_ABOUT THIS TASK_
Within the lines below, the span from the line with "Sierra In The" to the line with "Tommy Hilfiger TOMMY", both ends included, is to be reproduced exactly, with pictures omitted.

_SOURCE MATERIAL_

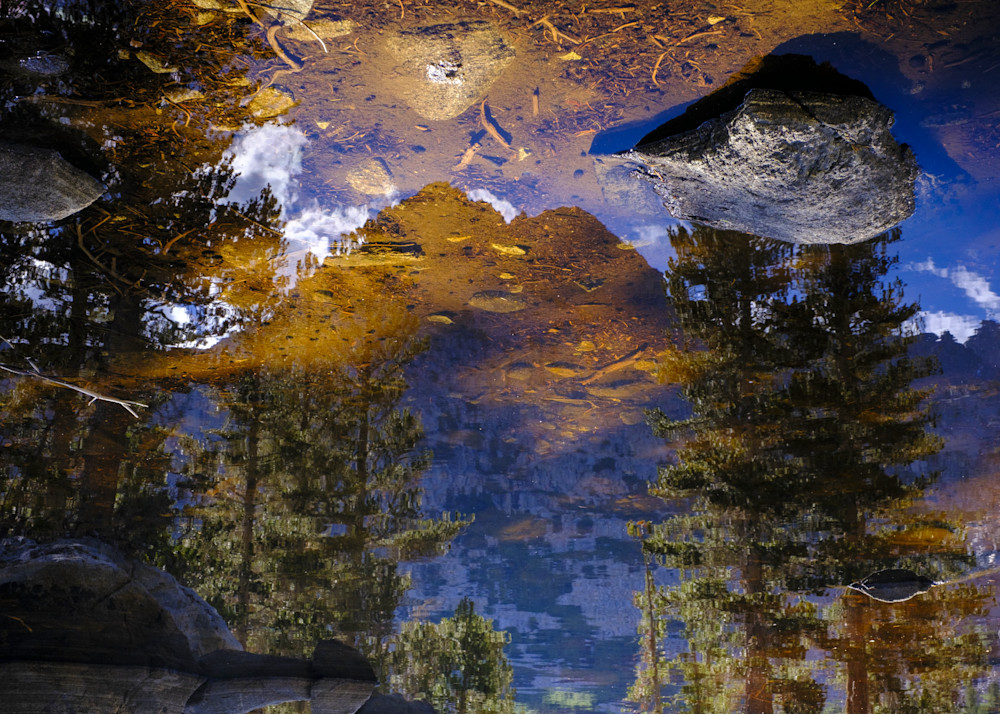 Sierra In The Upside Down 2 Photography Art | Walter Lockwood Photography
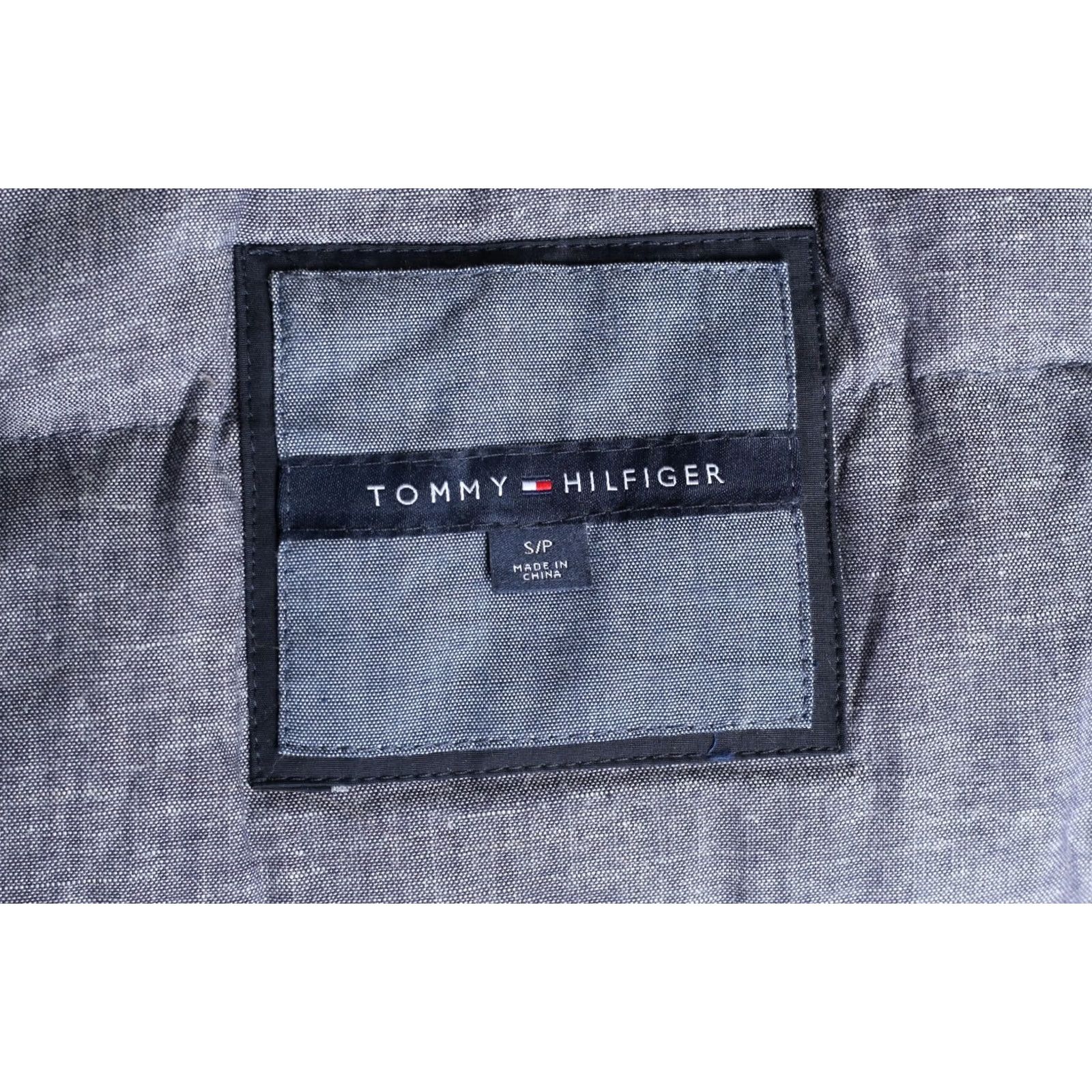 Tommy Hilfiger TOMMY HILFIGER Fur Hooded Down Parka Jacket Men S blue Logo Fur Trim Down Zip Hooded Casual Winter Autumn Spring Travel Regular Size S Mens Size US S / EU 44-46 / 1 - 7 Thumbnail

* * *

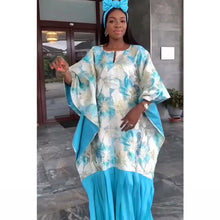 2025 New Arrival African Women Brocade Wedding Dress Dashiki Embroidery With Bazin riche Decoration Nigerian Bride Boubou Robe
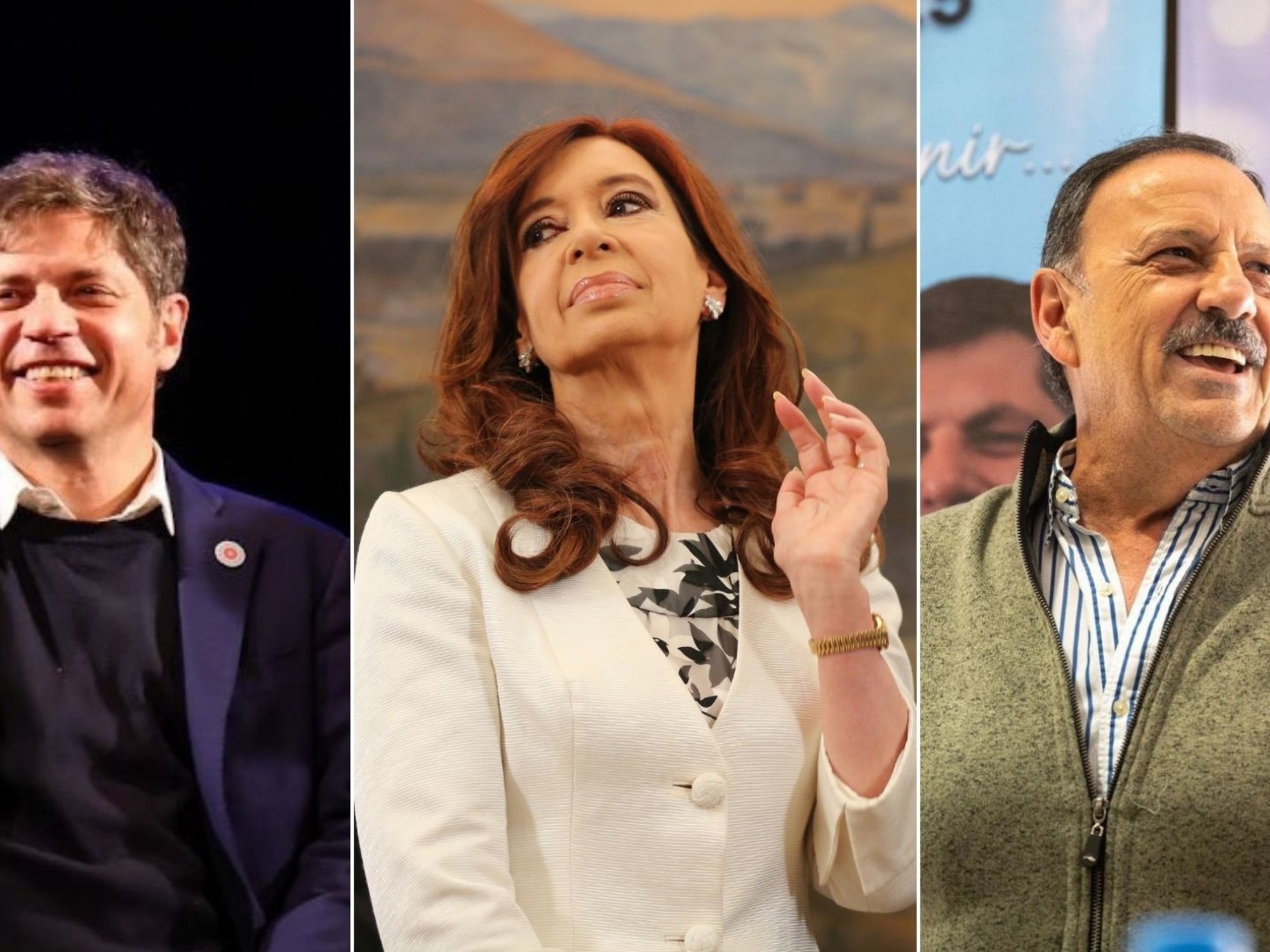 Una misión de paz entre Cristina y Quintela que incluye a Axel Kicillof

_WRITTEN ANSWER_
 Sierra In The Upside Down 2 Photography Art | Walter Lockwood Photography
 Tommy Hilfiger TOMMY HILFIGER Fur Hooded Down Parka Jacket Men S blue Logo Fur Trim Down Zip Hooded Casual Winter Autumn Spring Travel Regular Size S Mens Size US S / EU 44-46 / 1 - 7 Thumbnail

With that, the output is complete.